Clio steht und hält sich im Lichtraum, hält ihre Wange dem Licht entgegen, das sie mit dem Auge des Betrachters im und vor dem Bild küsst. Sie verkörpert das aus ein liebevolles Betrachtetwerden eingestimmte Modell jener Malkunst, die Liebe und Gedächtnis im Begreiflichwerdenlassen ihres Auftrags vereint.
Reflexion der Malerei in der Geschichte:
Begründung kulturgestifteter Identität
Durch die Schwere des Vorhangs, der sich zur Seite öffnend den Blick auf die umso fragiler scheinende Mädchenfigur frei gibt, die Ruferin der zu erinnernden Geschichte und ihre geschriebenen Gedächtnisse - Klio.

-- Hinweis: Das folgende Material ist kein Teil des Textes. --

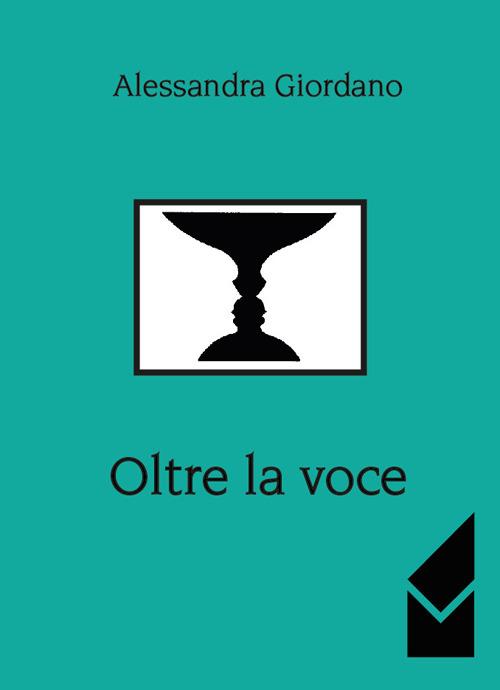 Oltre la voce - Alessandra Giordano - copertina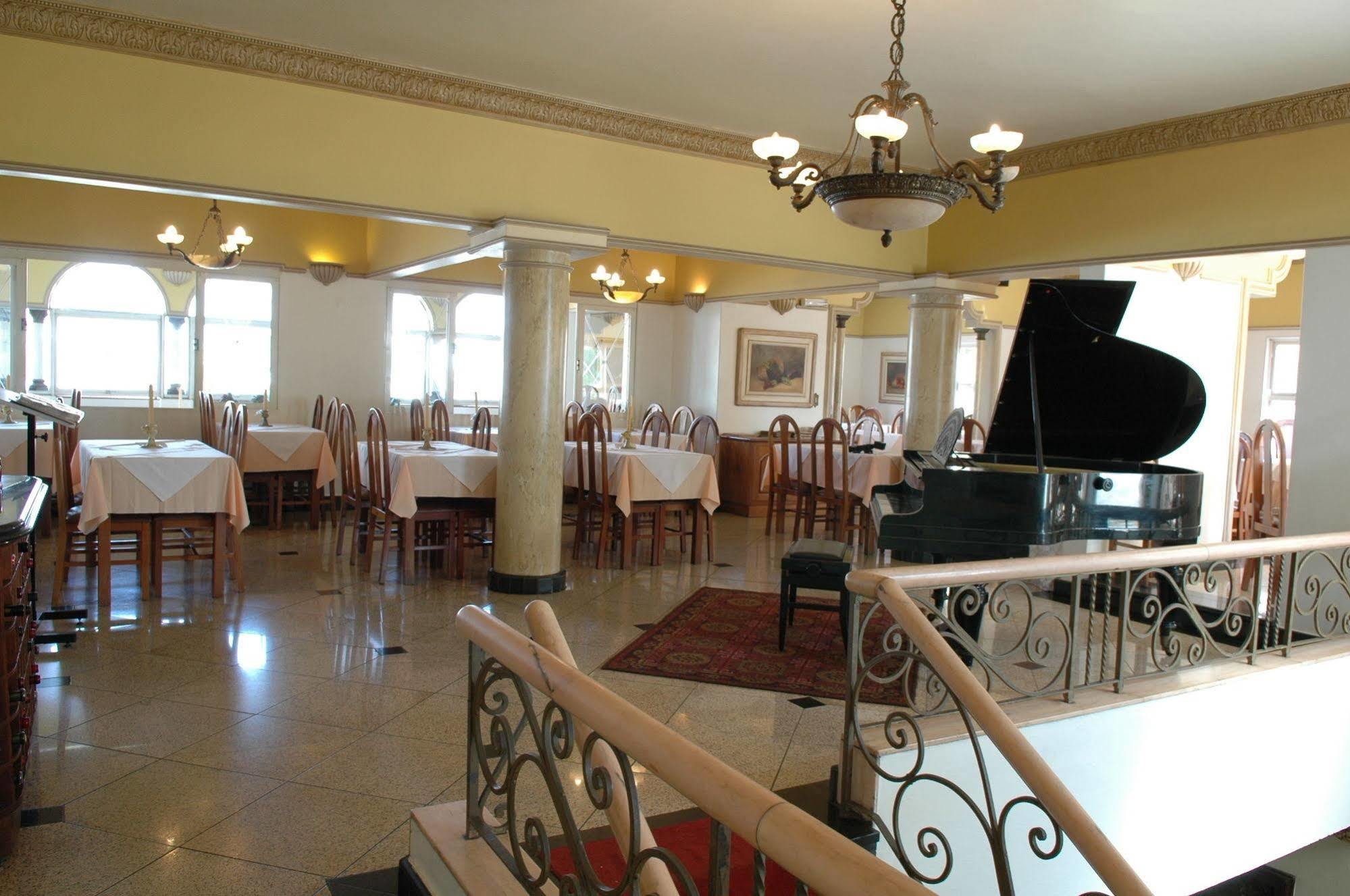 Tamareiras Park Hotel Uberaba Bagian luar foto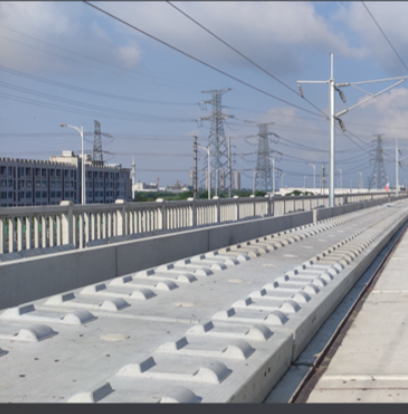 辉南植筋胶在高铁无砟轨道上的应用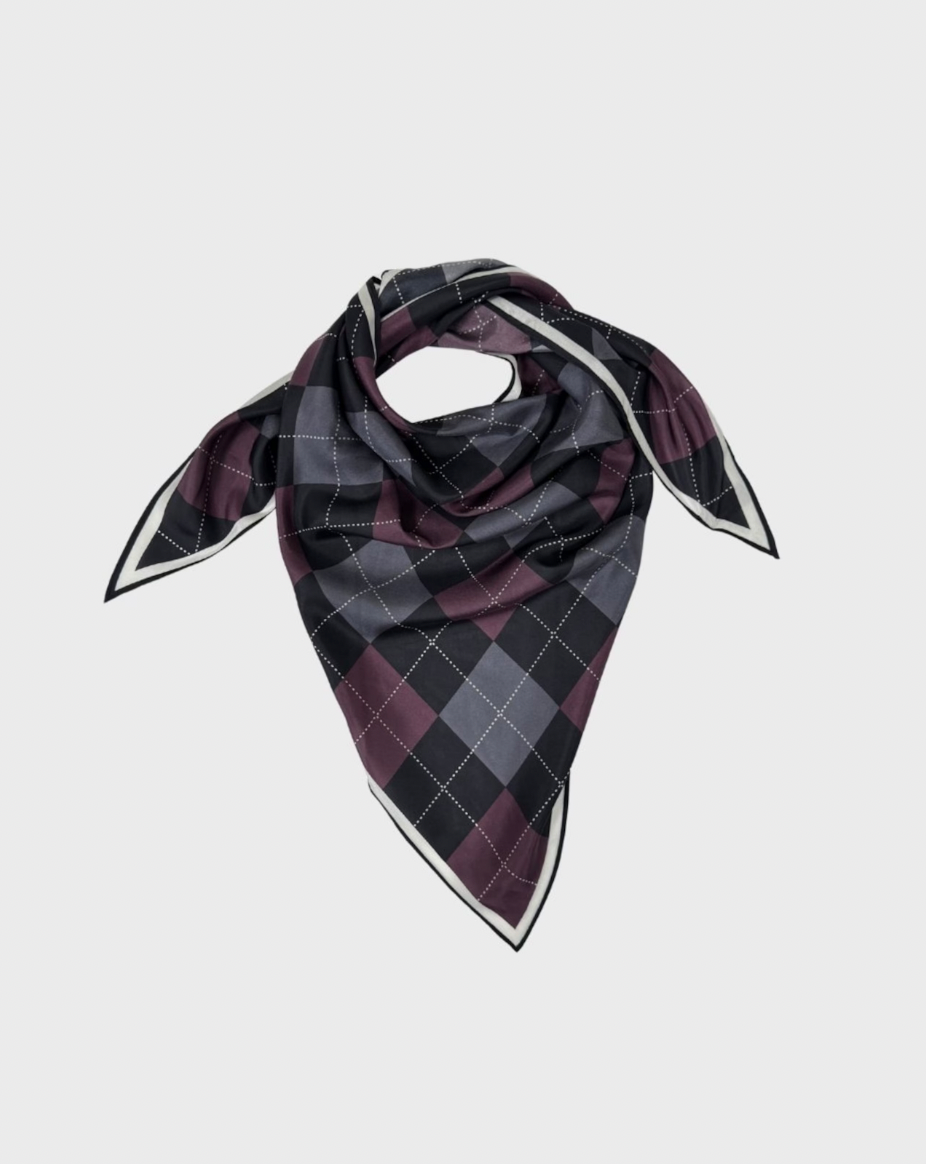 Erinna Silk Scarf
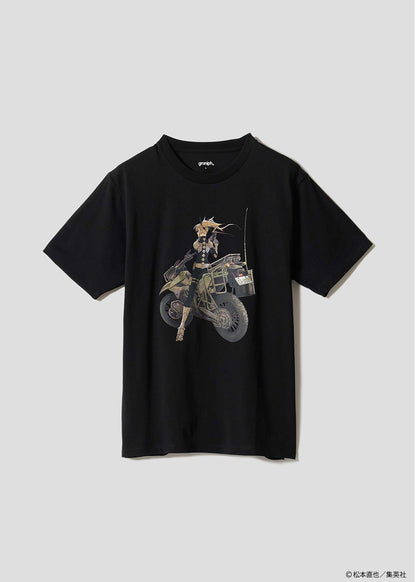 Kaiju No. 8 x Graniph Fashion Collection - Kikoru Shinomiya T-Shirt [Release May 12, 2026]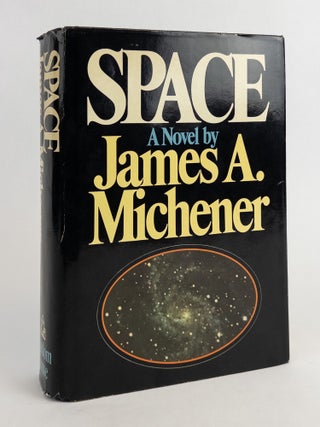 1377083 SPACE [Signed]. James A. Michener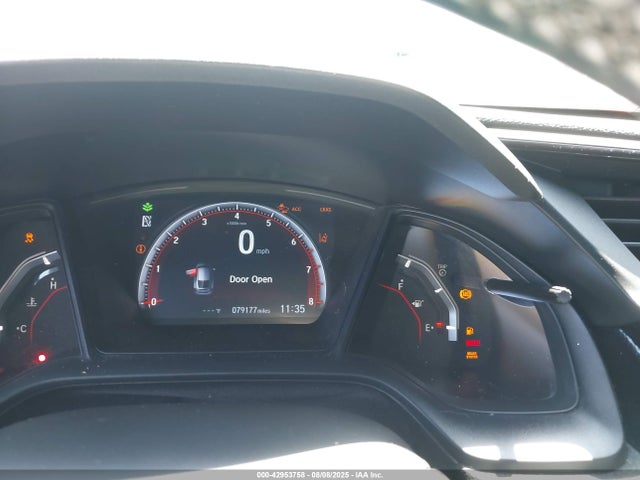 SHHFK7H41MU400840 Honda l15ba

Auf dem Tisch, vor Clio und im Halbrücken des Malers, sind Utensilien drapiert, die an ein Stilleben erinnern. Hier sind - neben ihren Attributen - Trompete, Lorbeer und Buch - Stücke versammelt, die an weiter Musen erinnern:
Maske - Thalia (Theater)
Musikheft - Polyhymnia (Gesang) und Euterpe (Lyrik, Flötenspiel)
Die Gegenstände lassen aber weitere Deutungen zu: Deutet man das Buch als Malereitraktat, die Maske als Bildhauermodell und das Heft als Skizzenheft, ergeben sich Bezüge zu Begriffen aus der italienischen Kunsttheorie: „Disegno“ „Imitazione“ und das Traktat für die „Buona regola".
Die durch die Malkunst für erzählenswert bedeutete Geschichte, dessen, was eines Bildes eigentlich würdig ist, wird durch künstlerische, kulturelle und von den Musen des Gedächtniswürdigen getragenen Werken und Leistungen erbracht, von denen auch die Orientierungen ausgehen. Es werden keine kriegerischen Handlungen gelobt, keine Siege gerühmt; - es sind keine Waffen oder Verweise auf Schlachten im Bild vorhanden.